Şimdi Askere Çağrılsam Seve Seve Giderim
Fıtratım itibarıyla bende bazı şeylere karşı hassasiyet çok fazladır. Yaratılışımdan kaynaklanan bu duyarlılığımdan dolayı baskıya ve tahakküme hiç tahammülüm yoktur mesela. Aslında böylesi bir fıtratın askeriyenin genel geçer kaideleri ile kolayca uyum sağlaması oldukça zordur. Çünkü askeriyenin niçinini, nedenini ve hikmetini kavraması zor, yer yer imkansız kaide ve uygulamaları vardır. Sözü geçen kaideleri aklî ve mantıkî ölçülerde bir yere oturtmak ancak bilge kişilerin veya askerî alanda uzman olanların işidir. İsterseniz bunu halk arasında söylenen mesel ile izah edelim: Şeytanın aklı her şeye erdiği halde askerliğe bir türlü ermemiş. Anlayamamış, kavrayamamış onu. Dolayısıyla âteşîn bir fıtratın, hayatının en delikanlı döneminde bu yapı ile uyum sağlaması çok zordur.
Bunlara, yirmi yaşında bir genç de olsa sahip olduğu inanç; inanç ağırlıklı o güne kadar almış olduğu eğitim ve öğretim; akıl, mantık ve hikmet telakkisi ve hepsinin ötesinde hayat felsefesi ve yaşama şeklini ilave ederseniz bu gencin askeriye ile ortak paydası neredeyse yok denecek kadar azdır.
Ama bütün bu gerçeklere rağmen ben askerlik sürem içinde hiçbir şeye itiraz etmedim, hiç şikayette bulunmadım. Zor gelmedi diyemem ama hiç yılmadım, küsmedim, darılmadım. Bir vaaz sonrası komutanım terhisime bir ay kala beni yanına çağırdı ve “Seni terhis ediyorum” dedi; dedi ama ben sevindiğimi hatırlamıyorum.

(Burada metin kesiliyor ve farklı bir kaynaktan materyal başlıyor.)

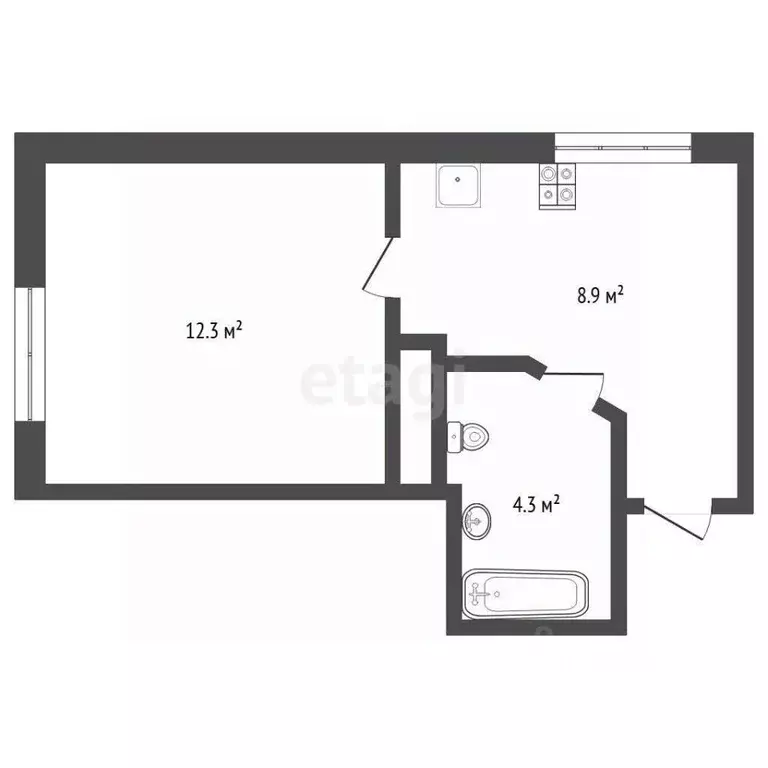 Студия Тюменская область, Тюмень ул. Тальниковая, 5 (25.5 м) - Фото 1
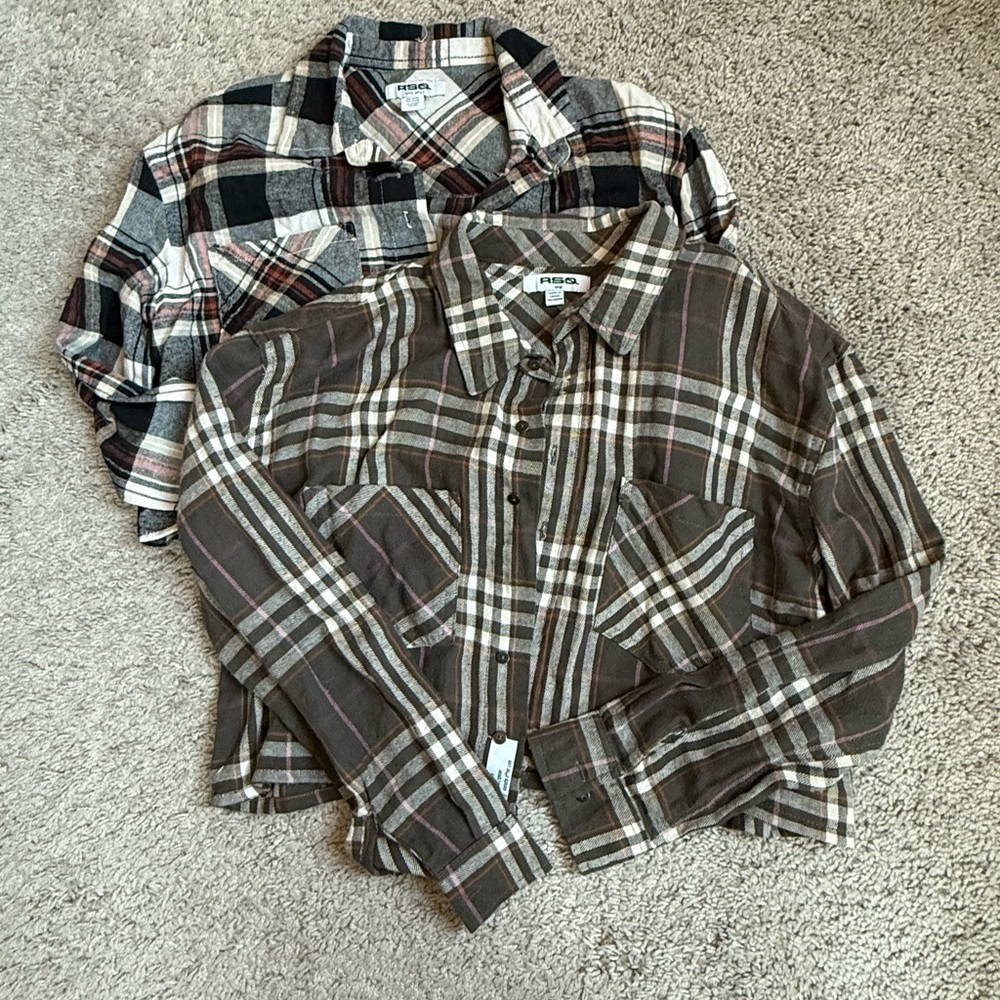 2 RSQ Plaid Crop Button-Up Shirts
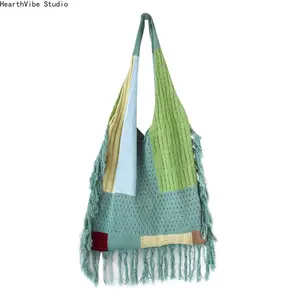 Vintage Tassel Knit Tote Bag for Women, Trending Color Block Boho Shoulder Handbag, Artistic Large Capacity Woven Carryall, Casual Travel Shopping Beach Vacation Everyday Fashion Bag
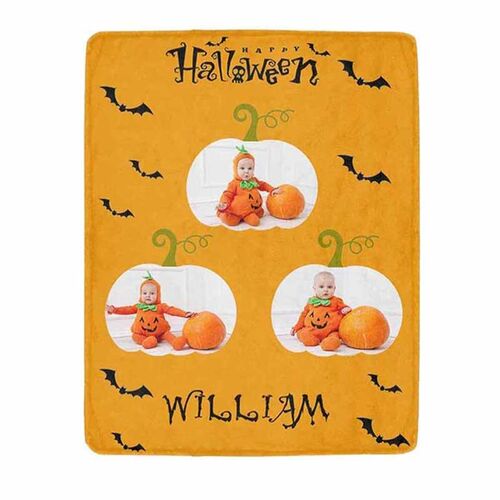 Custom Photo Blanket with Text Personalized Halloween Gift For Family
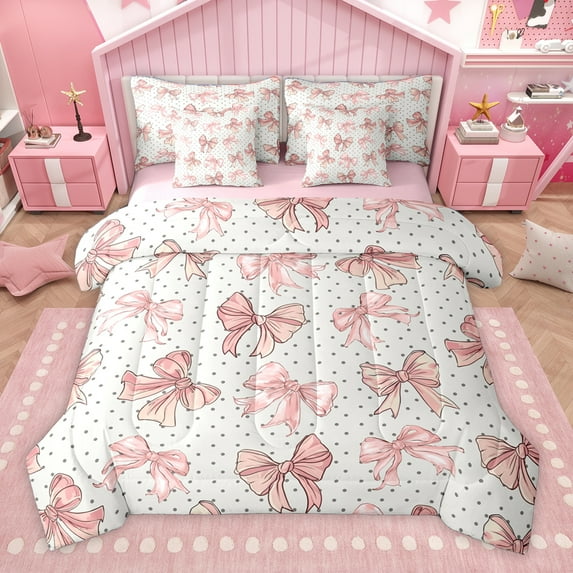 Homewish Retro Bow Ribbon 7pcs Bedding Comforter Set,Geometric Polka Dot Queen Bedding Sets,Pink Gray Queen Sheet Sets For Chgirls Kids,Super Cozy Room Decor Reversible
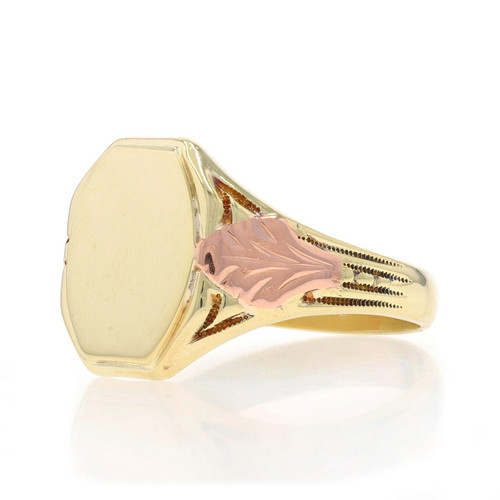 Yellow Gold Art Deco Men's Signet Ring - 14k Vintage Engravable ...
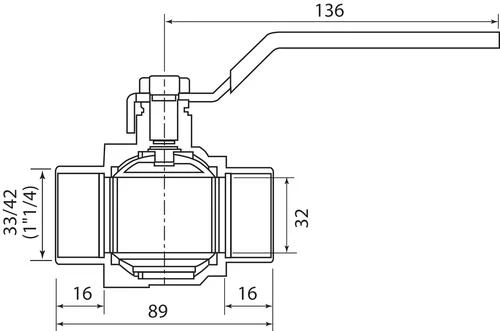 Vanne à Sphère NF Double Mâle 33/42 - Manette Plate - PRONORM – Image 3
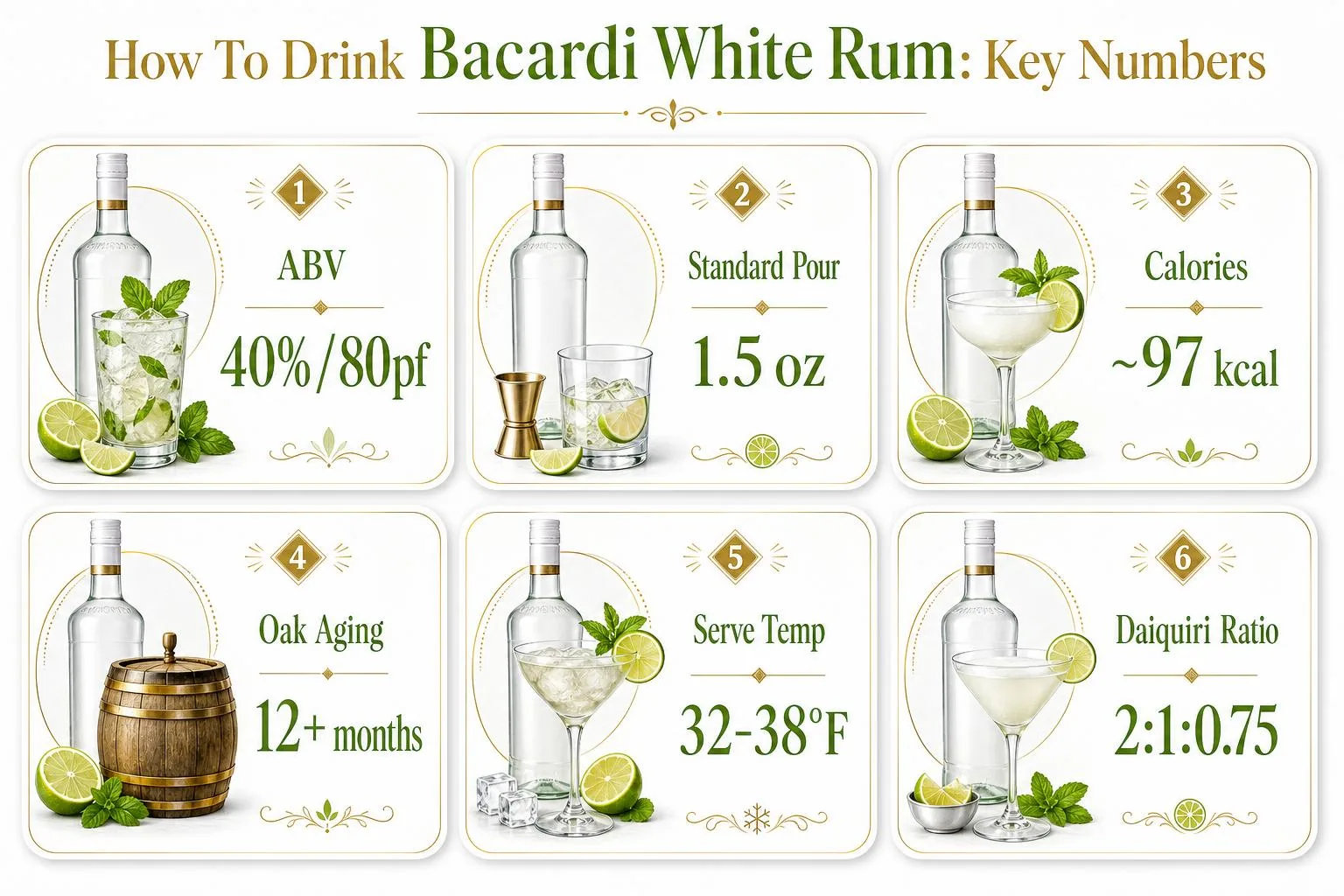 How To Drink Bacardi White Rum? 1 How To Drink Bacardi White Rum: Key Numbers — key facts at a glance
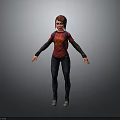 Child Wearing Red Shirt Black Long Sleeves Blue Pants And Backpack Standing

27 Mayıs sonrasının o çok sıkıntılı dönemlerine rast gelmişti askerlik zamanım. Şiddet, hiddet, öfke... ne ararsan var. Komuta kademelerinde el değiştirmeler oluyor. Mamak’ta iken farkında olmadan Talat Aydemir’in askeri oluyorsunuz. Yedek subay okulu radyo evini teslim almak için harekete geçiyor. Harp okulu bir yönüyle yedek subay okulu ile müşterek hareket ediyor. Karda-kışta günlerce nöbet bekliyorsunuz. Bazı subaylar muhalif subayları teslim alıyor. Üzerinizde uçaklar uçuyor, hem de bombardıman niyetiyle. Eğer teslim olmazsak bombardıman yapacaklar. Tüfeklerinizin mekanizmalarını alıyorlar. Hasılı sıkıntı üzerine sıkıntı. Bütün bunlara rağmen ben asker ocağından şikayette bulunmadım. Aksine orayı adeta bir laboratuvar gibi gördüm. Her gün farklı yerler keşfettim, farklı dünyalara açıldım, farklı insanlar tanıdım. Ben o kudsi ocakta öğrendiğim şeyleri, elde ettiğim tecrübeyi ne ailede ne okulda öğrenemezdim. Sokakta öğrenmem zaten imkansızdı. Ama kışlada insan ister istemez bir kalıba giriyor. Umumi bir yerde, bir çok insanla beraber kalıyorsunuz. Yüzde yüz düşüncenize ters, anlayışınıza ters insanlarla birlikte oluyorsunuz. Dinleneceğiniz zaman birileri kalkıp bağırıp-çağırıyor, hopluyor-zıplıyor. Aslında bütün bunlar insanı rahatsız edici faktörler. Fakat ben o günden bugüne rahatsızlık izi bırakmış hiçbir şey hatırlamıyorum, sanki güllük-gülistanlık bir yerde yaşamışım gibi...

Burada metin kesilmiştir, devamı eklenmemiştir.